You may remember this quote:
Death is a dignitary who, when he comes announced, is to be received with formal manifestations of respect, even by those most familiar with him.
— Ambrose Bierce
If recent events are any indication, I and those around me have become quite familiar with him of late.
In the last month I lost my aunt Jan to ovarian cancer and my uncle Charlie to Alzheimer’s. One of my employees recently lost his grandmother. My friend Blindf8th also recently lost his grandmother. My friend Lee lost his father only a few weeks ago. Yesterday, Jenny’s aunt Martha died after a long battle with cancer. If misery does indeed love company, I find myself surrounded right now by a great many fellow sufferers.
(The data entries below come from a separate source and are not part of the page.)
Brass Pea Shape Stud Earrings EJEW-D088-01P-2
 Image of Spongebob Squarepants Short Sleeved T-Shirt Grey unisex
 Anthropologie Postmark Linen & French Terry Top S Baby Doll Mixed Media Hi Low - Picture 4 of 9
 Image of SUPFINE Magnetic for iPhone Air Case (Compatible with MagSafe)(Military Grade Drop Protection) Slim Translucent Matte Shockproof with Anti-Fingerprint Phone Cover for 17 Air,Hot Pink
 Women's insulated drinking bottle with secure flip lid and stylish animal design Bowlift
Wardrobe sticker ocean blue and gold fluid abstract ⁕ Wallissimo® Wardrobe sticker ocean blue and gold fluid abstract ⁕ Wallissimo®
It would seem that the cold hand of eternity has reached out to many people in my life. Jenny and I discussed just this morning precisely what I already said here about time’s predation of those around us and how it becomes even more real as we age. While neither of us is old, neither are we in our late teens or early twenties. Many of those in our lives are well beyond us in years. Our own aging, therefore, means so many others are fast approaching their ends.
It’s difficult sometimes to step out of the emotional hurt of loss in order to understand the natural progression of things. We find personal anguish in the death of loved ones, yet it should come as no surprise that while we age there are significant numbers who are well beyond our own years and for whom death is already calling. It stalks all of us even now. Despite the cold logic of that fact, it does little to quell the hurt and emptiness that comes with the goodbyes of death.
My heartfelt sympathies go out to Jenny as they have to all of those around me who have felt the breath of permanent loss in their own lives during recent weeks. She’s now headed out of state to attend the funeral and be with her family in this difficult time. I’m not sure it’s a good thing, but this process has become all too familiar to me.